Breginj (/sl/; locally Brgin and Bәrgin, Bergogna, Bergogne) is a village in the Municipality of Kobarid in the Littoral region of Slovenia. It is located in the Breginj Combe.

==Name==
Breginj was first attested in written sources in 1170 as Vergia and Vergin (and in 1275 as Bergona). The modern Slovene name Breginj is based on the local name Brgin. This was borrowed from the Romance name Bergona, which is of unknown origin.

==History==
Until the 18th century, Breginj was part of the Republic of Venice, and it is still considered part of the historical region known as Venetian Slovenia. Breginj was a comune of the County of Gorizia (as Bergogna), and during Italian rule (1918–1943, nominally lasting until 1947) it was assigned to the Province of Udine, but only until 1927, when it was assigned to the new Italian Province of Gorizia.

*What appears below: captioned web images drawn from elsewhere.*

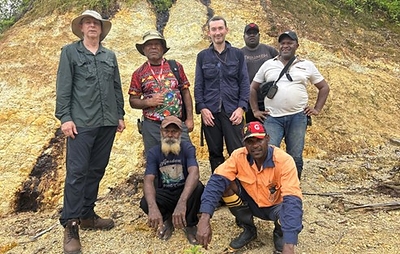 Figure 5.  Standing on Adyton drill hole (2021) ADK002 drill bench.  From L to R: CEO Tim Crossley, Skarty Furuga (Senior Geologist), Dr Chris Bowden (COO), Gordon Taberang (Field Support), Chris Wamugl (Senior Geologist).  Kneeling: Vincent Terrel (Principal Landowner), Panual Taki (Field Assistant) (CNW Group/Adyton Resources Corporation)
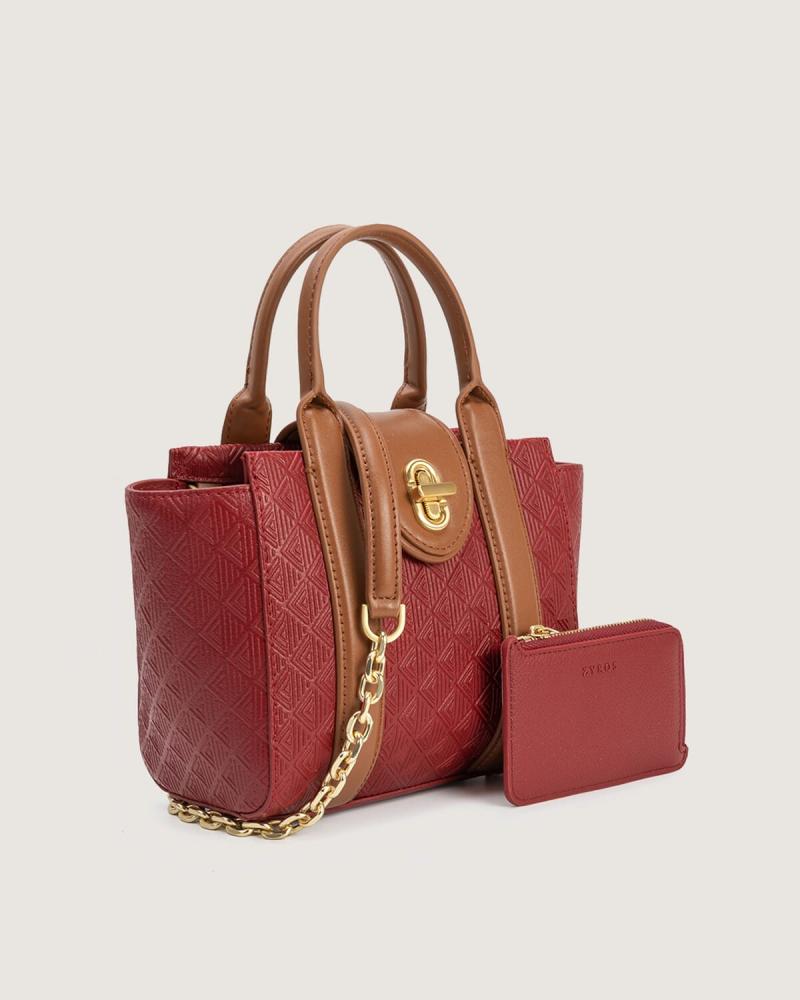 Women's bag with a practical design and a suitable size for everyday use, in a burgundy color.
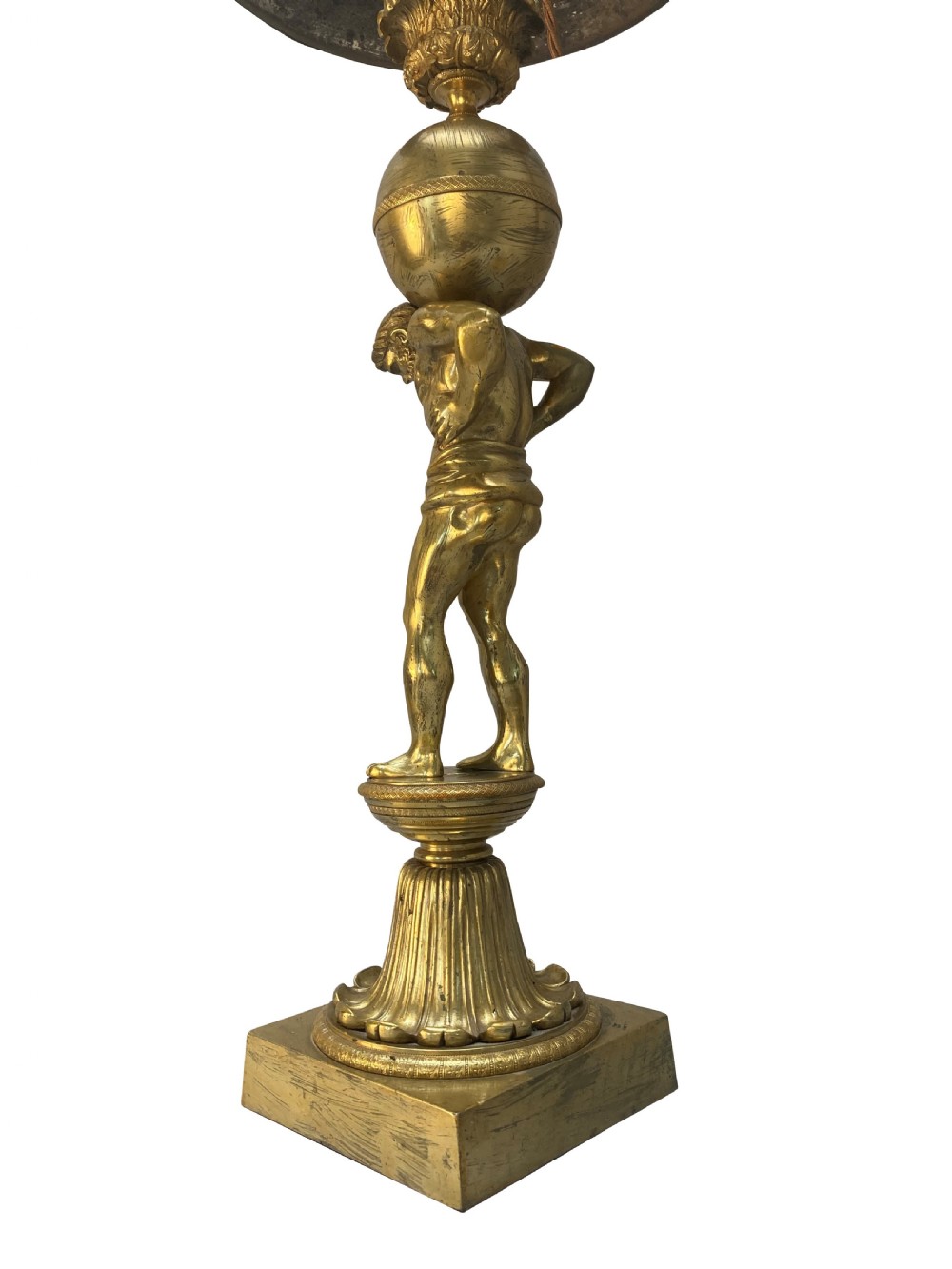 An English Regency gilt-bronze table lamp featuring a figure of Atlas supporting a sphere beneath a frosted glass dome shade. View X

==1976 earthquake and aftermath==
Most of the village was demolished by the 1976 Friuli earthquake, with only the Church of Saint Nicholas and a couple of buildings remaining standing. Breginj was the settlement in Slovenia most damaged by the earthquake and a new settlement of prefabricated houses was erected for its residents. Media reports at the time on the failure to preserve cultural heritage in the village were censored by Slovenia's communist government. One of the few remaining houses, a complex of three-story stone houses intertwined with corridors, has been declared an architectural and ethnological monument and houses a small museum.